Frank Davies - Knight Ridder Newspapers

September 02, 2002 03:00 AM

WASHINGTON—As the Bush administration Monday tried to persuade skeptical nations that Iraq poses an urgent threat, a White House spokesman dismissed Iraqi claims that Saddam Hussein is ready to discuss the return of United Nations weapons inspectors.

"Iraq changes positions on whether it will let the inspectors in more often than Saddam Hussein changes bunkers," Ari Fleischer told reporters traveling with President Bush to a Labor Day picnic in Pittsburgh.

Trying to head off a possible U.S. attack, Iraqi Deputy Prime Minister Tariq Aziz said he will consider the return of U.N. inspectors when he meets Tuesday with Secretary-General Kofi Annan in Johannesburg, the site of an economic and environmental summit.

Secretary of State Colin Powell, who has been more cautious in his rhetoric toward Iraq than other administration officials, left Monday for the South Africa summit, where he will meet with Annan and other world leaders.

Powell, aides said Monday, will press for the removal of Saddam as a threat to global security.

Fleischer insisted Monday that there is no disagreement within the administration over Iraq policy.
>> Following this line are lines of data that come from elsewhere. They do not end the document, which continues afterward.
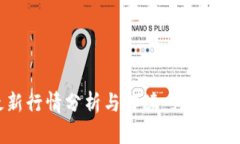 : 以太坊今日最新行情分析与解读：为何价格不再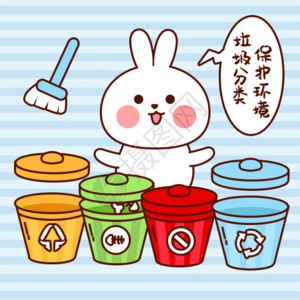 回收垃圾桶兔小贝垃圾分类gif高清图片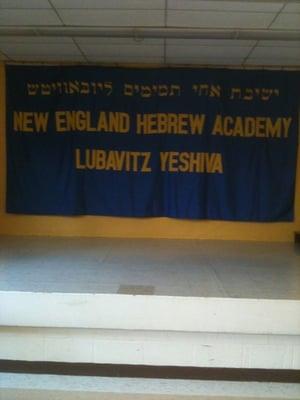 New England Hebrew Academy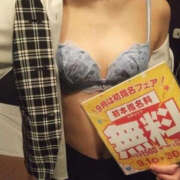 ヒメ日記 2025/09/01 20:01 投稿 ゆうな バッドカンパニー水戸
But while Vice President Dick Cheney has urged swift action to oust Saddam, Powell said in an interview with the BBC that unrestricted weapons inspections in Iraq should be given a chance.

The goal is the same, Fleischer said.

"The American position, as the vice president said in his remarks, and Secretary Powell said, and as the president has said, is that arms inspectors in Iraq are a means to an end," Fleischer said.

"But the end is knowledge that Iraq has lived up to its promises that it made at the end of the Gulf War, that it has in fact disarmed, that it does not possess weapons of mass destruction."

He called reports of internal debate about Iraq "much ado about no difference."

It was not clear Monday whether Aziz's statement signaled a change in Iraqi policy. Iraq has said U.N. weapons experts would have to discuss what they were looking for before searches could resume; the United States insists that all searches must be "unfettered."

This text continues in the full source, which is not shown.